Assigned task: An exact transcription of all the data is required; the pictures are to be left out.

Raw data:
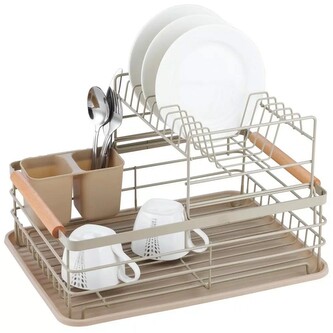 Odkapávač nádobí dvoupatrový s madly Kinghoff, béžová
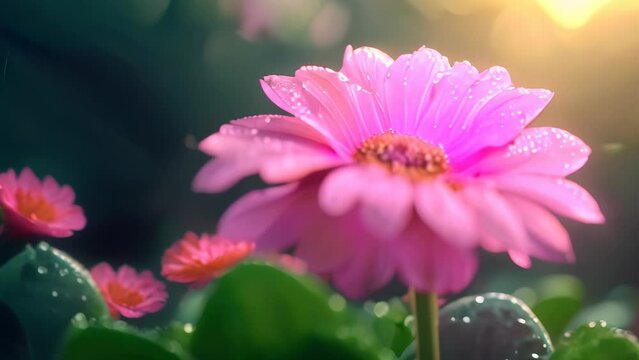 Gerbera In Nature Cinematic Footage 4K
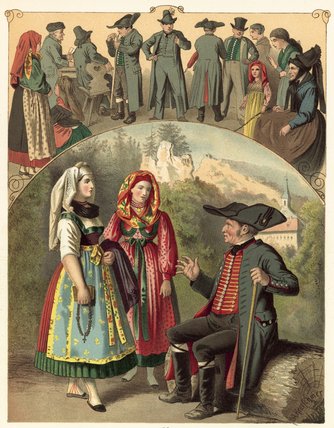 WikiOO.org - Güzel Sanatlar Ansiklopedisi - Resim, Resimler Albert Kretschmer - German Costume Bayern Frankische Schweiz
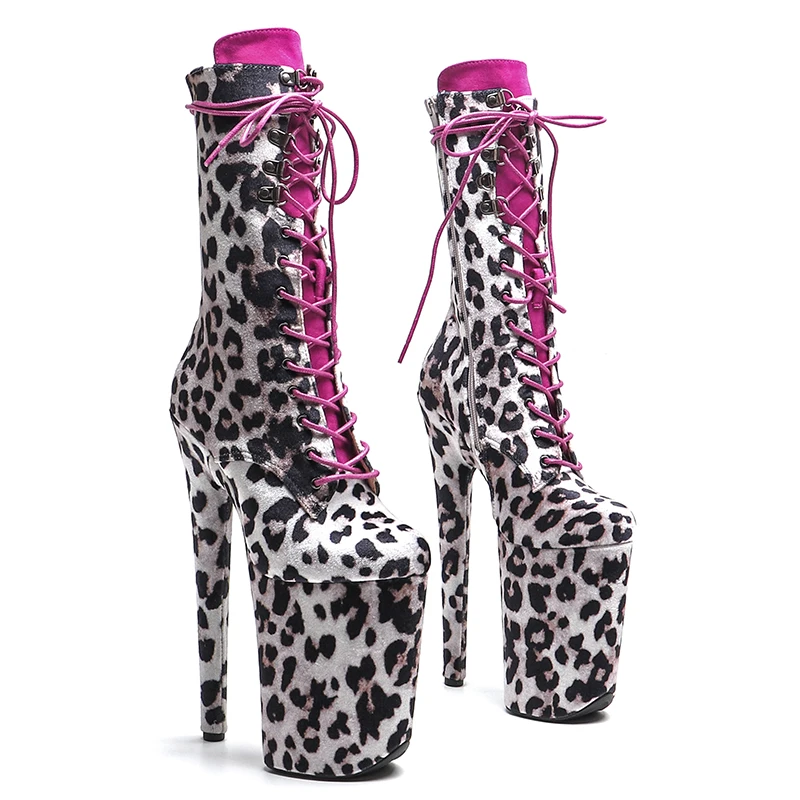 Leecabe  23CM/9inches  Leopard print  Upper   Fashion trend  High Heels platform stripper heel Pole Dance boot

Problem solution:
 Odkapávač nádobí dvoupatrový s madly Kinghoff, béžová
 Gerbera In Nature Cinematic Footage 4K
 WikiOO.org - Güzel Sanatlar Ansiklopedisi - Resim, Resimler Albert Kretschmer - German Costume Bayern Frankische Schweiz
 Leecabe  23CM/9inches  Leopard print  Upper   Fashion trend  High Heels platform stripper heel Pole Dance boot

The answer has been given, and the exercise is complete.